I say as much to Chobber.
"Sad, undoubtedly," says Chobber, who does not sound even remotely sad. "There will be letters to the papers about it. Maybe. Maybe even a demonstration. But this is Yendo. Most of the rest of the city has already gone the same way, so it's hard to imagine anyone being outraged by it. Murderously outraged, I mean. Certainly not to the point of killing someone."
"So what is your advice?" I say.
The burst of "let's play this carefully" responsibility that brought me to the police station has worn off by now, and I'm regretting that I came in the first place. In retrospect, the death threat would have been less trouble if simply ignored.
"This may be just a prank," said Chobber. "Perhaps perpetrated by an adolescent."
He doesn't mention any particular adolescent, but there is no need for him to do so. We both know that he has two possible candidates in mind. Neither of the twins has done anything like this before, but both have the capacity to be recklessly innovative in error.
"I suppose you're right," I say noncommittally.
One thing is definite: I do not want us to get into a discussion about the twins. I came to the police station to talk about a threat from the outside world, not to discuss the internal dynamics of my family.
"Some burdens are ligher if you tackle them on your own," as the proverb says, and my two turbulent children definitely fall into that category.
"If it ends here," says Chobber, "I think we can safely regard the incident as closed. But if something else comes up, then do drop by. There are some very strange people in the world."

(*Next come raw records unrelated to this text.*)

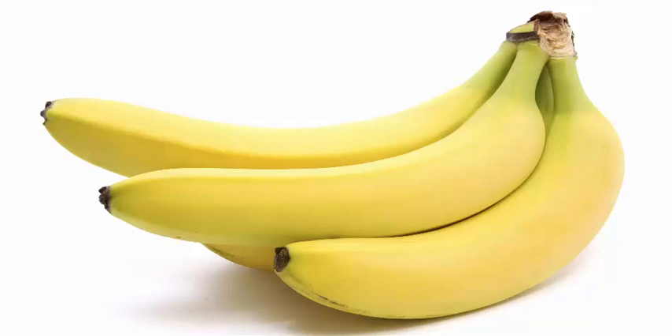5. Banana — a common man's moisturizer and nourisher, never underestimate this fruit. Mash a ripe banana and massage the skin with the pulp. Even the driest of skins will thank you for it.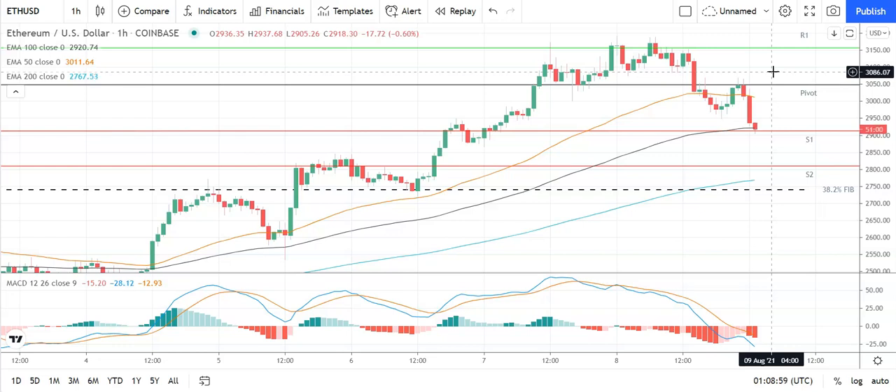Second major resistance level sits at 3,295. Failure to move through the pivot would bring the first major support level at 2,911 back into play. Barring an extended sell-off on the day, Ethereum should avoid the second major support level at 2,808. Looking at the MACDs, we have a widening of the bearish histograms at the turn of the day, coming off the back of yesterday's late pullback and this morning's sell-off. On the EMAs, the 50 has also narrowed on the 100 and 200, supporting the early downside but still bullish indicators. Key would be to move through the pivot at 3,052 and back through to 3,100 levels to bring resistance levels into play.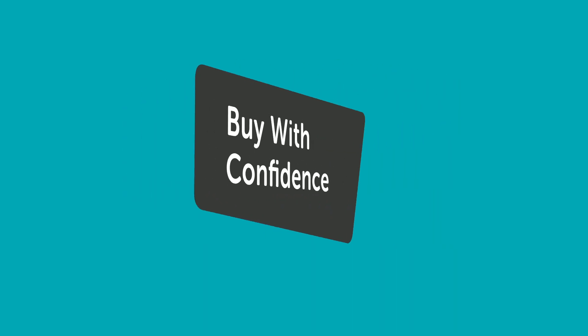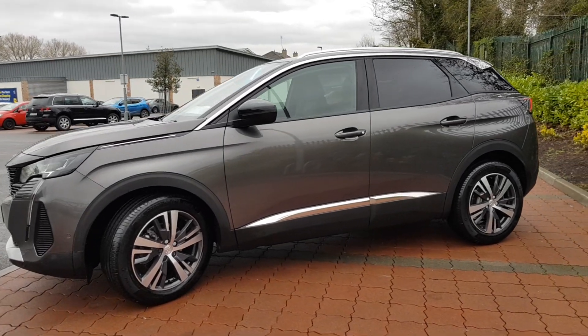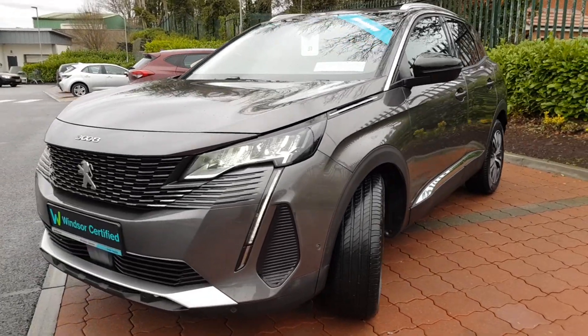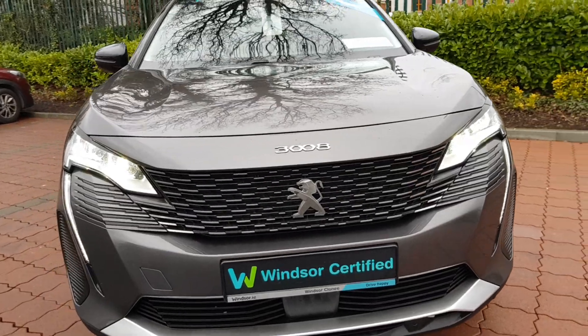Buy with confidence and get the best benefits for your used vehicle with Windsor Certified. Like a comprehensive 12-month warranty that will keep you covered for any unforeseen mechanical issues. And with a thorough history check on all of our vehicles, you won't have to worry about any hidden surprises.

And we're done, and I'm on my way, feeling that taking on the role of the sensible law-abiding citizen has been a mistake. I feel that I've fallen into error by reminding Chobber of my family's existence.
It never occurred to me that bringing the death threat to the attention of the police would result in attention being focused on Tanto and Helena, but that is what appears to have happened.
Chobber, I'm sure, thinks it's time the twins made the transition from junior high school to reform school, skipping high school, and a death threat investigation might just possibly give him the leverage he needs to assist that evolutionary process.
"The policeman is your friend," I say.
True. But he's not my children's friend. He hates them.
I think Chobber still believes that the twins are the ones responsible for the burning down of the Zonstandarola Shrine last year, an act which takes us well across the border from high-spirited mischief into the world of pathological craziness. I'd like to think that Chobber is wrong. But, in my heart of hearts, I cannot say for certain that his suspicions are misplaced.